Class B Shares have no voting rights, except on certain limited matters. However, holders of Class B Shares that are converted into Class A Shares will have all the voting rights of the other holders of Class A Shares. Class B Shares are not convertible in the hands of the initial holder. A transferee unaffiliated with the initial holder that receives Class B Shares subsequent to one of the permitted transfers mentioned below may elect to convert each Class B Share into one Class A Share. Class B Shares are transferable only: (1) to an affiliate of a holder of Issuer common stock or to the Issuer, (2) in a widely dispersed public offering, (3) in a private sale in which no purchaser (or group of associated purchasers) would acquire Class A Shares and/or Class B Shares in an amount that, after the conversion of such Class B Shares into Class A Shares, is (or represents) 2% or more of a class of the Issuer’s voting securities or (4) to a purchaser that would control a majority of the Issuer’s voting securities notwithstanding such transfer. In the case of Class B Shares that are intended to be sold by a holder thereof in an offering under an effective registration statement filed by the Issuer with the Securities and Exchange Commission, the participation in the offering by the transferee of such shares will serve as such transferee’s notice to the Issuer to elect to convert its Class B Shares, and the transferee shall receive Class A Shares in such transfer.
Pursuant to a registered public offering on September 19, 2012 (the “Offering”), the Issuer offered 5,681,818 Class A Shares for sale, and certain selling stockholders of the Issuer offered 4,318,182 Class A Shares for sale. In connection with the Offering, Crestview-NAFH agreed to purchase 886,525 Class A Shares for $15,000,003. The source of funds for Crestview-NAFH’s purchase was capital contributions made by the investors in the Crestview Funds as well as available lines of credit.
On March 16, 2011, the Issuer granted 25,000 restricted Class A Shares and options to buy 25,000 Class A Shares to Crestview Advisors in respect of Richard DeMartini’s service on the Issuer’s board of directors (the “Board”).
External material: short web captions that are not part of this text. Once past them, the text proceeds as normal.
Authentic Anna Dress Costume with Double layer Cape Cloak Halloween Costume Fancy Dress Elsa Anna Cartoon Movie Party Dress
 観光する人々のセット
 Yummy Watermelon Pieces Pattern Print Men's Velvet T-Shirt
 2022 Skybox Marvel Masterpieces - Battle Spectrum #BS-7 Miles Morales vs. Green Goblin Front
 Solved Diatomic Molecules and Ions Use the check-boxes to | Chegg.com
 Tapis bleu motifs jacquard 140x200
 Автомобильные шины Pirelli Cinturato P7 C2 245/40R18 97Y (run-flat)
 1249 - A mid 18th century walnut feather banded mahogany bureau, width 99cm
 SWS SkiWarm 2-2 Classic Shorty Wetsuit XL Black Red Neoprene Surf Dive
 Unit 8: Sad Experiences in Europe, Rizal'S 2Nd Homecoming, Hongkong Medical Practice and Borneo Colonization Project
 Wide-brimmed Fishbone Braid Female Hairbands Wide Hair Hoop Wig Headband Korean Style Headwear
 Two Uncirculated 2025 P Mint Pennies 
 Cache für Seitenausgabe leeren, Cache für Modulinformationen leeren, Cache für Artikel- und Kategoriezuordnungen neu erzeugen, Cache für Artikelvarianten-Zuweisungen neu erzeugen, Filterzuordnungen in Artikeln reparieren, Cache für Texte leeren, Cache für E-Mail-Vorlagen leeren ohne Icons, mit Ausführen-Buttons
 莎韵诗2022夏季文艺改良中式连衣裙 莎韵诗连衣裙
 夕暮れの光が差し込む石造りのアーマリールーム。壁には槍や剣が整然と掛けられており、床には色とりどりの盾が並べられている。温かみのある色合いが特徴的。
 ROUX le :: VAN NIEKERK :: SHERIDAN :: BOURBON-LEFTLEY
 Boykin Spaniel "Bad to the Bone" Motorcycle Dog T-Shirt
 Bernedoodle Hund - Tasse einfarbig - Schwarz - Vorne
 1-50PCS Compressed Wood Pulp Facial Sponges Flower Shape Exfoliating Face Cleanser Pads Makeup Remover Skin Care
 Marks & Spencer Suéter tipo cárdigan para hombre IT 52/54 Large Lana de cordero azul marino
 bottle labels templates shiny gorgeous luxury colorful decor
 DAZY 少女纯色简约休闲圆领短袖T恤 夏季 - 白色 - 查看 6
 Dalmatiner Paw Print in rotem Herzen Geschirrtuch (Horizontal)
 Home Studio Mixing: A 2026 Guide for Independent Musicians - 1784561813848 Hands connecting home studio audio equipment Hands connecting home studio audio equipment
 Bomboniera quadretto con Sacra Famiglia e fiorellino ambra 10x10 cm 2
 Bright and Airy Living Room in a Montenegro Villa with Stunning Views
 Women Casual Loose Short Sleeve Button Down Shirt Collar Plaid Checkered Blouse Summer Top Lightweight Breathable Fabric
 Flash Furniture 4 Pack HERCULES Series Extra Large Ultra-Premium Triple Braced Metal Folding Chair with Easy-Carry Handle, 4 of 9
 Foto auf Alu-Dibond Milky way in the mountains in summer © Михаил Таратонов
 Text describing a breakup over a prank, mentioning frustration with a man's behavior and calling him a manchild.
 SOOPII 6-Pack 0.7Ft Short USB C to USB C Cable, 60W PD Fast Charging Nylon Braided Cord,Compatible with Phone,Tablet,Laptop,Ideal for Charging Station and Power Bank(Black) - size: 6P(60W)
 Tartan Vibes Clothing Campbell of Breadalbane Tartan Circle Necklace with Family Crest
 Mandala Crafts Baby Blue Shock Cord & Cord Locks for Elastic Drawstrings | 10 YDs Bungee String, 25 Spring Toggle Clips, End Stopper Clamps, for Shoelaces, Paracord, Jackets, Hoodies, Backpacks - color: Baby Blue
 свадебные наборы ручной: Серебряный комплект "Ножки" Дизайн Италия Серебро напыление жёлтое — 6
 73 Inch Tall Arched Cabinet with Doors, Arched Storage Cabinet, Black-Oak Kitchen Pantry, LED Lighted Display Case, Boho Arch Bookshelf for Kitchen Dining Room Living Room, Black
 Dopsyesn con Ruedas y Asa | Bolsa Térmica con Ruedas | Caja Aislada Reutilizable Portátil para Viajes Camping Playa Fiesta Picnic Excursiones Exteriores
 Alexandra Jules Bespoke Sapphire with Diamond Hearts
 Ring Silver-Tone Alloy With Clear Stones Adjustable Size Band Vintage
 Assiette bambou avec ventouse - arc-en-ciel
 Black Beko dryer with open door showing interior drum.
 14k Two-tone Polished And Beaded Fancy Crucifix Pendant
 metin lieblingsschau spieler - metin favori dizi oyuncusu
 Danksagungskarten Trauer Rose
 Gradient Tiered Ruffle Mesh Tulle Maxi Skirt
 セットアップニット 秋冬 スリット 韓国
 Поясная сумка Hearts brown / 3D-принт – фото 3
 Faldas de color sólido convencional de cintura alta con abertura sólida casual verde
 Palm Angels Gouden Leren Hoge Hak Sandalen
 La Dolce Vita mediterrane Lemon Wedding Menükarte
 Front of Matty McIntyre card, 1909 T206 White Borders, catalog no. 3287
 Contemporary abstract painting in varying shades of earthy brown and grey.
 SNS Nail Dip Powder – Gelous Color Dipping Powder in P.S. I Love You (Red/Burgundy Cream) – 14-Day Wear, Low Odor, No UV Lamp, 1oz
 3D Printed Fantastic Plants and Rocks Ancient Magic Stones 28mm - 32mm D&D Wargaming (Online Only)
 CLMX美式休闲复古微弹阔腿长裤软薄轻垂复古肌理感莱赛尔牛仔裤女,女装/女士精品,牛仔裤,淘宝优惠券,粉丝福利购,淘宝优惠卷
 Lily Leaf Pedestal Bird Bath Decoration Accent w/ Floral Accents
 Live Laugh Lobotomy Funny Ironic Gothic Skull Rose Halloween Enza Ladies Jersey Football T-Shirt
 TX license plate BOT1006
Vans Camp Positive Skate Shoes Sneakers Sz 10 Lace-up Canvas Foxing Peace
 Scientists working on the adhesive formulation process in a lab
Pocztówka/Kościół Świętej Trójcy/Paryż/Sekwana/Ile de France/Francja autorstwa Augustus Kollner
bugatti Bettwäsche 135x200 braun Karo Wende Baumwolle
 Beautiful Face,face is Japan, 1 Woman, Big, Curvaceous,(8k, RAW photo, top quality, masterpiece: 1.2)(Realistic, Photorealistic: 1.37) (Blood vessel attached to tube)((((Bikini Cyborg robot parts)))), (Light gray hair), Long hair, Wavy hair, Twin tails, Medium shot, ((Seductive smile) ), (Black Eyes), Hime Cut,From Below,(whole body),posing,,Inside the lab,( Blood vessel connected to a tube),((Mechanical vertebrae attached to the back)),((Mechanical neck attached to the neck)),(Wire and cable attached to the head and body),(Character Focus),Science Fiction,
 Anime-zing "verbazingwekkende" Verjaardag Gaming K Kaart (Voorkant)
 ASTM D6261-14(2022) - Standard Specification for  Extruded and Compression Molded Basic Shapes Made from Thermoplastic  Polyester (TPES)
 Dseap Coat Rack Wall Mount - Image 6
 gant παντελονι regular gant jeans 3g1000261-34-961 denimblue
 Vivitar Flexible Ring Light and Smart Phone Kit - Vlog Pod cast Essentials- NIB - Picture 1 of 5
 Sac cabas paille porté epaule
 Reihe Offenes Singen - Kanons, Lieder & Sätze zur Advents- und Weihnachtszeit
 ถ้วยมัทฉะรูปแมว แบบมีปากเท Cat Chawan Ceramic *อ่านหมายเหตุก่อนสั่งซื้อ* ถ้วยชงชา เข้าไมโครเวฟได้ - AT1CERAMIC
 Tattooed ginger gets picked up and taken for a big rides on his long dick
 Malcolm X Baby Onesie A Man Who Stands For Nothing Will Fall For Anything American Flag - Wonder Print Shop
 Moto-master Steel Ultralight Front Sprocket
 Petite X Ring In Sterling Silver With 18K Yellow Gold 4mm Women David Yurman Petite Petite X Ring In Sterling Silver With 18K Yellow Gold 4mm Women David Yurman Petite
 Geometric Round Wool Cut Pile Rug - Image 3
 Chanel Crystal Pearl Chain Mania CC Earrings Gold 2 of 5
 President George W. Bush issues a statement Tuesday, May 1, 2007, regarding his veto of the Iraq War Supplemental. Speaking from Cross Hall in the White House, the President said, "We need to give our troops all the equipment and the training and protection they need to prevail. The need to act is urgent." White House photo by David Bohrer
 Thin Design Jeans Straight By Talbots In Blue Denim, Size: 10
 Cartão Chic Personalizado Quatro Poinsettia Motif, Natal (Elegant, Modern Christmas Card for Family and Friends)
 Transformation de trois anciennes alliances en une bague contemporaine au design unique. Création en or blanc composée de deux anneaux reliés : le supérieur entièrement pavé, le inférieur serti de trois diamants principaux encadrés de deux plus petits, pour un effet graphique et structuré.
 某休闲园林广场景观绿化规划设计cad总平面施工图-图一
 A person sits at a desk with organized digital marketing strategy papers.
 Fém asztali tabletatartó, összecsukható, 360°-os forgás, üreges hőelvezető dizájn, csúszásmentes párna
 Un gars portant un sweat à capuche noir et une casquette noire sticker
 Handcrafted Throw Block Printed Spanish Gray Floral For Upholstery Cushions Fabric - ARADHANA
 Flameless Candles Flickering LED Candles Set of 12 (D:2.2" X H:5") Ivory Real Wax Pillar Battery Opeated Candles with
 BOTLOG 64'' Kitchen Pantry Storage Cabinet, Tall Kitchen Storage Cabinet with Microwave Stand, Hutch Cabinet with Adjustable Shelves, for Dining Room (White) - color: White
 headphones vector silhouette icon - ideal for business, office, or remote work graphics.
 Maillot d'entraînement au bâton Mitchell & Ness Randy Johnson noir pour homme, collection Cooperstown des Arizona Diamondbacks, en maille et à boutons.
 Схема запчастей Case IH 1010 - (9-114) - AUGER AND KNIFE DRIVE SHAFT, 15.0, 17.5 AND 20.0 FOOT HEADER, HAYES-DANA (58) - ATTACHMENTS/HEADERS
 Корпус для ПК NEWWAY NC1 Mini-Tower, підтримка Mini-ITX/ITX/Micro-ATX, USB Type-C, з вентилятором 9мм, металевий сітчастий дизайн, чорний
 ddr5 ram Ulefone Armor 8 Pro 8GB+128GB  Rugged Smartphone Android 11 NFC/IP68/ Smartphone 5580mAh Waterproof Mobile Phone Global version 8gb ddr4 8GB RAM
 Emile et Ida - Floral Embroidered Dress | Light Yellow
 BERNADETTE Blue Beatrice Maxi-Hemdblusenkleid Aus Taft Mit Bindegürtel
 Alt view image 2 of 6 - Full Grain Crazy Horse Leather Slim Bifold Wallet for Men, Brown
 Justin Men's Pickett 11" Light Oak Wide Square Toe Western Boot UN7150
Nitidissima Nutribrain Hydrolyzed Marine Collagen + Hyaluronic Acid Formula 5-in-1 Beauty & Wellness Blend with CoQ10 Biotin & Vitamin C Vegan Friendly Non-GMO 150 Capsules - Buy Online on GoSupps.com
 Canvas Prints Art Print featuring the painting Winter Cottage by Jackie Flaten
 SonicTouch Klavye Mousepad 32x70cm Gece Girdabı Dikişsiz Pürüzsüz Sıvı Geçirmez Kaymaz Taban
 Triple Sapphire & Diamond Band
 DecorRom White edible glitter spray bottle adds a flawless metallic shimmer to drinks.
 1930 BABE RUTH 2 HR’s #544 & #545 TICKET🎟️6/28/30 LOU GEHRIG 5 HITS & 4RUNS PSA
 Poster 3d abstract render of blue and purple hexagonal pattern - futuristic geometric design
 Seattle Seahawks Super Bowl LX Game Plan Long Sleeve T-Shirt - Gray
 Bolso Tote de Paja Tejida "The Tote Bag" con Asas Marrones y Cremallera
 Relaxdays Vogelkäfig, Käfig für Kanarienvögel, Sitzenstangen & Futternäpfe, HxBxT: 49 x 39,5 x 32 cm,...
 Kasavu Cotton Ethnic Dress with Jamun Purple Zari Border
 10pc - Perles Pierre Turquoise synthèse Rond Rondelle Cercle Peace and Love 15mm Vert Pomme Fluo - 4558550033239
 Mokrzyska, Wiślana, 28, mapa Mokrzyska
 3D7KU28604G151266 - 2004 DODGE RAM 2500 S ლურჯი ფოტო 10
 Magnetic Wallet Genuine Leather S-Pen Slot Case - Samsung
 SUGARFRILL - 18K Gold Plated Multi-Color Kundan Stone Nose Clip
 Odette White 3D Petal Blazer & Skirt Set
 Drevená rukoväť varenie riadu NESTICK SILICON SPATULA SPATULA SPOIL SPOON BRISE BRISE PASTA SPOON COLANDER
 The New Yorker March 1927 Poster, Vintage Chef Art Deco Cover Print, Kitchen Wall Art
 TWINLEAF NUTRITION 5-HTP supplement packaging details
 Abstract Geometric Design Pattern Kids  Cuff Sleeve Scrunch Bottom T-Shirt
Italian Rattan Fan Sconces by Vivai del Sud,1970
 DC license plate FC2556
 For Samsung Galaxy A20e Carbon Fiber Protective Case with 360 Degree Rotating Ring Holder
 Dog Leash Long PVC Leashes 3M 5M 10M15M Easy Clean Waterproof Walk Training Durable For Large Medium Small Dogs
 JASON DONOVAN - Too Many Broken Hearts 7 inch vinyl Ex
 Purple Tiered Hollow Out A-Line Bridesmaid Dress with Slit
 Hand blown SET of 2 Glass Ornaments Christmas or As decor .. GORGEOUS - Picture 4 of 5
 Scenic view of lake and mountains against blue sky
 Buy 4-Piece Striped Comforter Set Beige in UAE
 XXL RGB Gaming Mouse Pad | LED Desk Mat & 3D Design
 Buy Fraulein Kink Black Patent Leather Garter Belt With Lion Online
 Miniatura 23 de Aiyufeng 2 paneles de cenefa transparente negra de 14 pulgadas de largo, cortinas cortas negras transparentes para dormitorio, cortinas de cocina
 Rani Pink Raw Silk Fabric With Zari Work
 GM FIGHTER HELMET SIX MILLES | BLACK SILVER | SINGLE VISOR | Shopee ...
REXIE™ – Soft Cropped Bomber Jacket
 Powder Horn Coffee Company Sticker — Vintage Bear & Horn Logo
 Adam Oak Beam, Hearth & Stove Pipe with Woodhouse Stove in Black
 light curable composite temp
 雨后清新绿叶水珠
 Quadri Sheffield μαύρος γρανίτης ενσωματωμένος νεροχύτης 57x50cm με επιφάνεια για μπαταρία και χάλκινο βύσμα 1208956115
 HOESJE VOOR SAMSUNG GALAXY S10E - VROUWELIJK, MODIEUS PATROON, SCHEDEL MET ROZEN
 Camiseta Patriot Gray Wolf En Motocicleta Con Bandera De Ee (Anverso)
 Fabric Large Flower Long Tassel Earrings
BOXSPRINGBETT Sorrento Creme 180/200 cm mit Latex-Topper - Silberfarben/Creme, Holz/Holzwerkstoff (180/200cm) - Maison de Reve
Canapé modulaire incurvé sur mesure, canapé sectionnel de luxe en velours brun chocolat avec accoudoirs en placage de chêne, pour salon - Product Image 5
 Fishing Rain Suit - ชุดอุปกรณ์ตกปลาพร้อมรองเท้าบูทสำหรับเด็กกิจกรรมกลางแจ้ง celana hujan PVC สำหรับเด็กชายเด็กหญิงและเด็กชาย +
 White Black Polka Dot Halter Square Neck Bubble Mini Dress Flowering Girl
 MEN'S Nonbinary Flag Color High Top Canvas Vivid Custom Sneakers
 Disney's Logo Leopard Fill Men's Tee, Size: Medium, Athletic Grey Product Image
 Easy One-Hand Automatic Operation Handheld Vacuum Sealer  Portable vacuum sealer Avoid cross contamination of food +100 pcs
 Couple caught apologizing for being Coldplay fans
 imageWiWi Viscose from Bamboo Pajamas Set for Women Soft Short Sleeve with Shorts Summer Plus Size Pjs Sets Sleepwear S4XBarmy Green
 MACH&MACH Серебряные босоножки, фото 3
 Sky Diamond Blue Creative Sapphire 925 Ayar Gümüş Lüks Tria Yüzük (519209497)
The stock options are subject to vesting in two equal installments of 12,500 options on each of December 22, 2011 and December 22, 2012, and the restricted Class A Shares are similarly subject to vesting in two equal installments of 12,500 shares on each of December 22, 2011 and December 22, 2012. The information contained herein does not reflect the issuance to Crestview Advisors of the unvested options.
Item 4. Purpose of Transaction
The Class A Shares to which this statement relates were acquired by the Reporting Persons with the purpose of investing in the Issuer’s securities. The Class A Shares acquired in the Offering were additionally acquired to reduce the dilution of Crestview-NAFH’s proportional ownership interest in the Issuer as a result of the Offering.
The Reporting Persons intend to review their holdings in the Issuer on a continuing basis and, depending upon the price and availability of the Issuer’s securities, subsequent developments affecting the Issuer, the business prospects of the Issuer, general stock market and economic conditions, tax considerations, investment considerations and/or other factors deemed relevant, may consider increasing or decreasing their investment in the Issuer, including through one or more open market purchases, private transactions and/or pursuant to a 10b5-1 plan. The timing and amount of such acquisitions or dispositions will depend on the conditions and considerations described in the preceding sentence. As part of this ongoing review, the Reporting Persons have engaged, and/or may in the future engage, legal and financial advisors to assist them in such review and in evaluating strategic alternatives that are or may become available with respect to their holdings in the Issuer.
Crestview-NAFH is a party to a Lead Investor Agreement with the Issuer and the individuals listed on the signature pages thereto, dated as of December 22, 2009 (the “Lead Investor Agreement”). Pursuant to the Lead Investor Agreement, the Issuer has agreed to nominate for election to the Board one person designated by Crestview-NAFH, and the parties have agreed to vote their shares in favor of the nominee. If elected, such director will serve on the Board’s Nominating and Governance and Compensation Committees. Crestview-NAFH’s nominating right will terminate at such time as it and its affiliates collectively own less than 33% of the original number of shares of common stock of the Issuer purchased by Crestview-NAFH in the Issuer’s private placements. As of the date hereof, Crestview-NAFH owns approximately 100% of such shares.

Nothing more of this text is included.